Both ends included, restate word for word the lines from the first line of the listing through the line containing "PURPLE LEAF Outdoor". Leave the pictures out.

[Provided information]

⟨

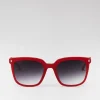 Women Braun Büffel Accessories | Eyewear>AMELIE SQUARE-FRAME ACETATE SUNGLASSES IN TRANSPARENT MAROON WITH GRADIENT GREY LENS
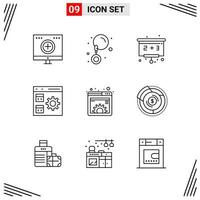 9 Icons Line Style Grid Based Creative Outline Symbols for Website Design Simple Line Icon Signs Isolated on White Background 9 Icon Set vector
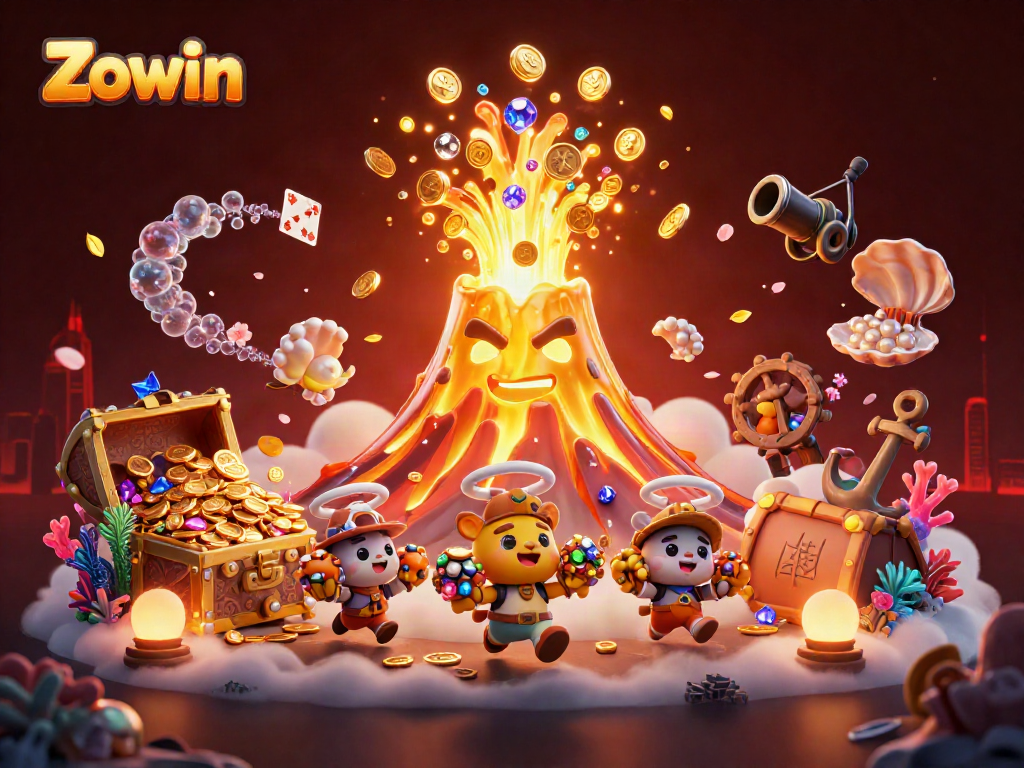 Zowin volcano erupting with gold and gems, tiny explorers collecting treasures in a vibrant casino fantasy.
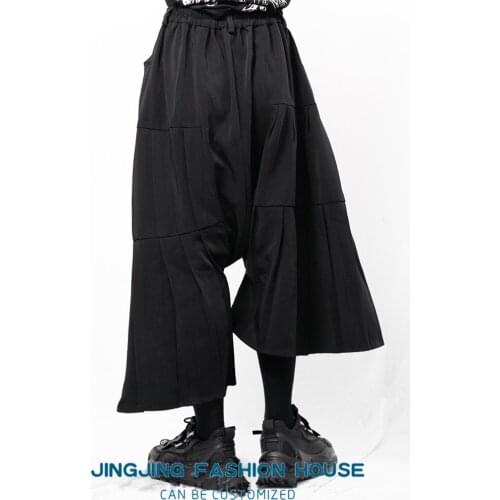 S-6XL!!2021 mens casual trousers wide leg culottes irregular asymmetric black pleated loose flared halon trousers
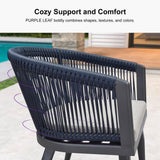 PURPLE LEAF Outdoor Dining Set for 8 All-Weather 9 Piece Patio Aluminium Dining Large Square Table and Rope Weave Chairs Included Cushions for Backyard Decor Kitchen Patio Furniture Set Grey and Navy PURPLE LEAF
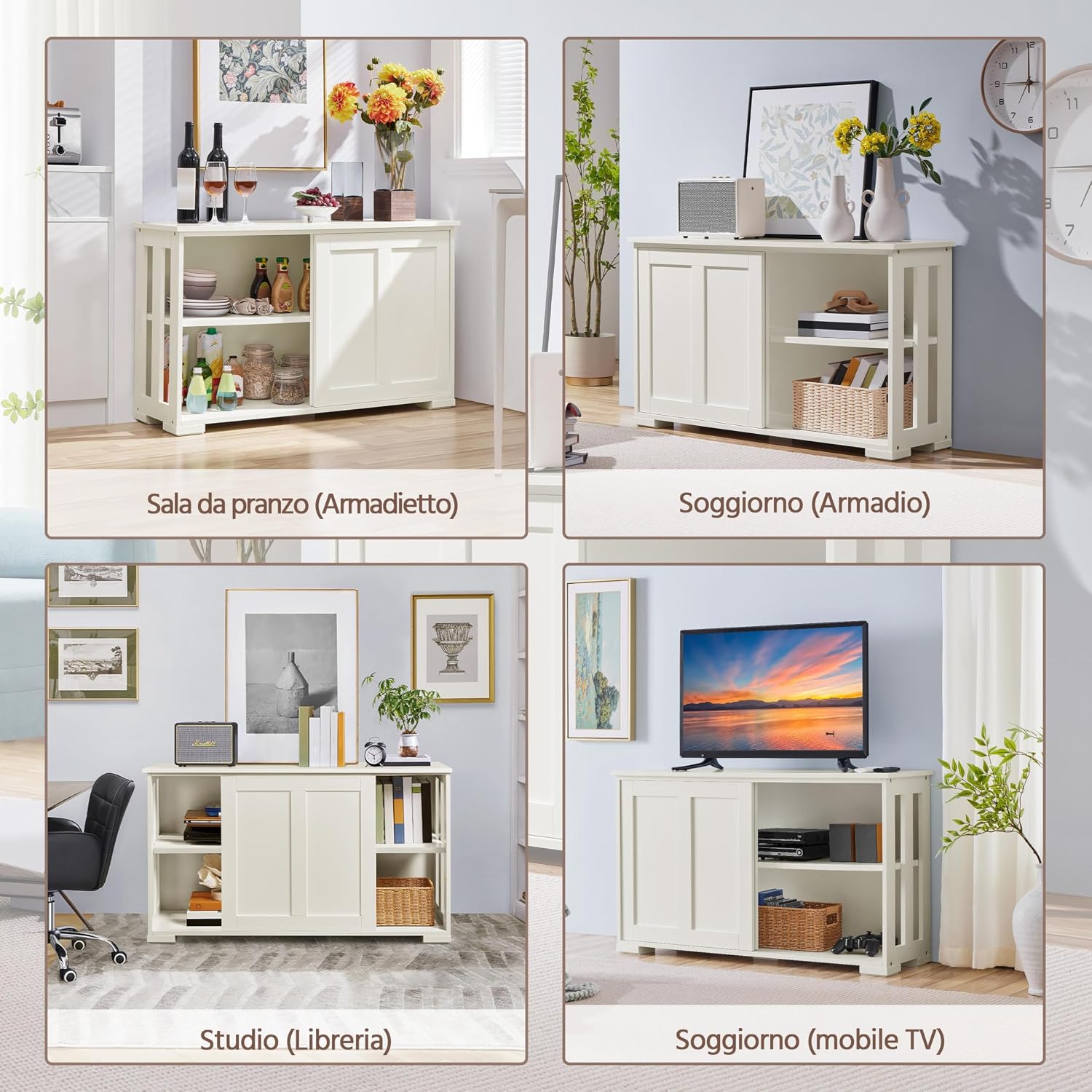 Thumbnail 4 de Yaheetech Credenza da Cucina 106,7x33x63 cm con 2 Ante Scorrevoli • Mobiletto Bianco Avorio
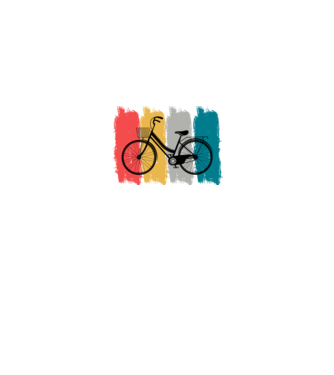 Retro city bike model negru pe tricou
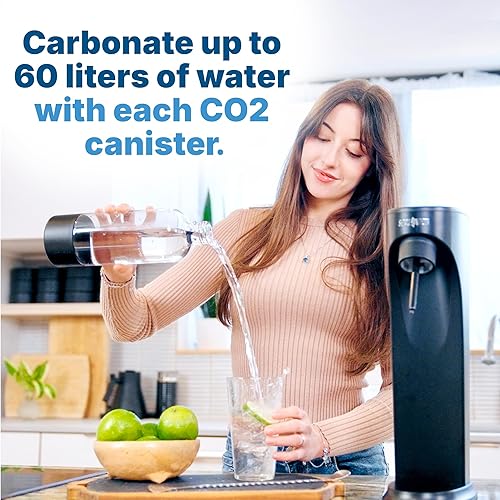 Miniatura 8 de SENSEation - Máquina de soda para cocina, nuevos artículos esenciales para el hogar, juego de máquina de agua con gas con 2 cartuchos de CO2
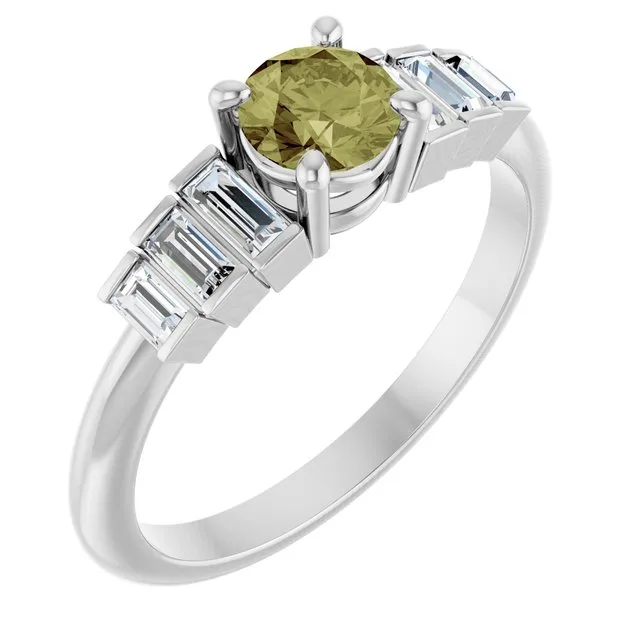 Round Green Sapphire Accented Ring with Diamond Accents in Platinum - 18k Yellow Gold / 3.30 Carat / Lab-Grown-AAA: the shop's own photo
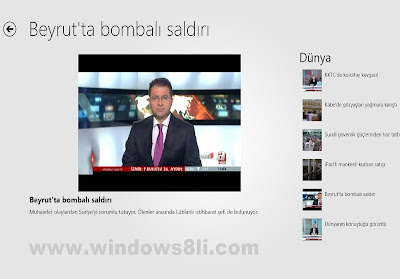 Windows 8 aHaber Uygulaması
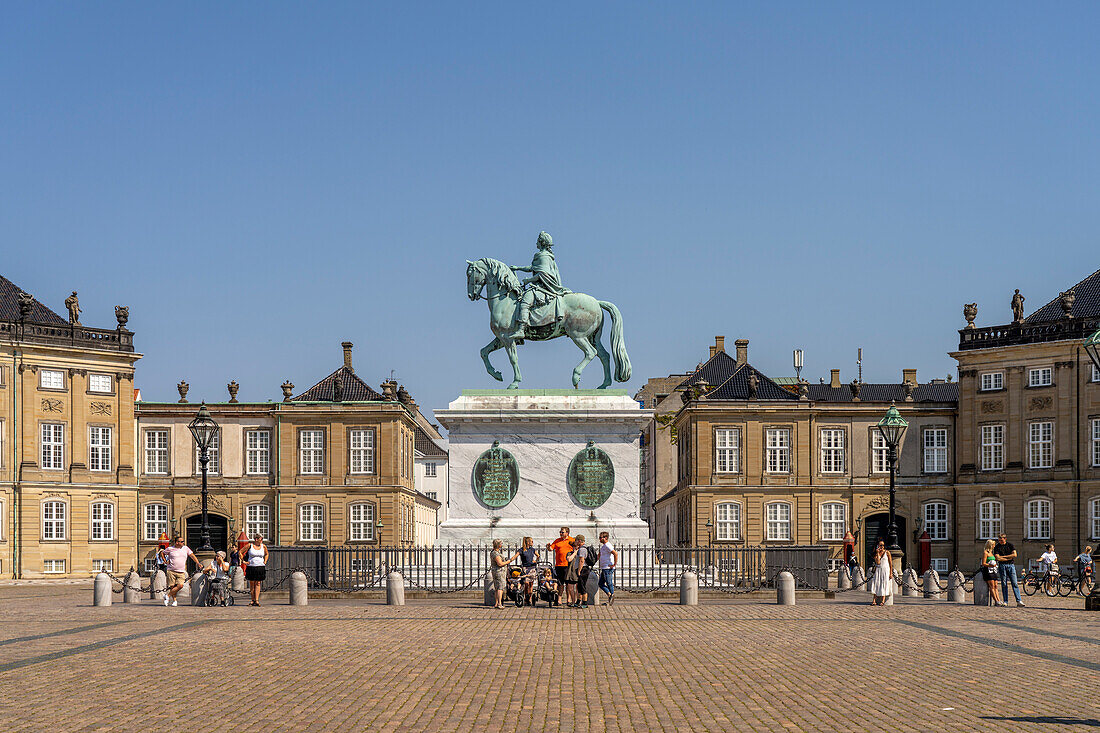 Amalienborg Palace and Frederik V equestrian statue in Copenhagen, Denmark, Europe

⟩

[Written solution]
 Women Braun Büffel Accessories | Eyewear>AMELIE SQUARE-FRAME ACETATE SUNGLASSES IN TRANSPARENT MAROON WITH GRADIENT GREY LENS
 9 Icons Line Style Grid Based Creative Outline Symbols for Website Design Simple Line Icon Signs Isolated on White Background 9 Icon Set vector
 Zowin volcano erupting with gold and gems, tiny explorers collecting treasures in a vibrant casino fantasy.
 S-6XL!!2021 mens casual trousers wide leg culottes irregular asymmetric black pleated loose flared halon trousers
 PURPLE LEAF Outdoor Dining Set for 8 All-Weather 9 Piece Patio Aluminium Dining Large Square Table and Rope Weave Chairs Included Cushions for Backyard Decor Kitchen Patio Furniture Set Grey and Navy PURPLE LEAF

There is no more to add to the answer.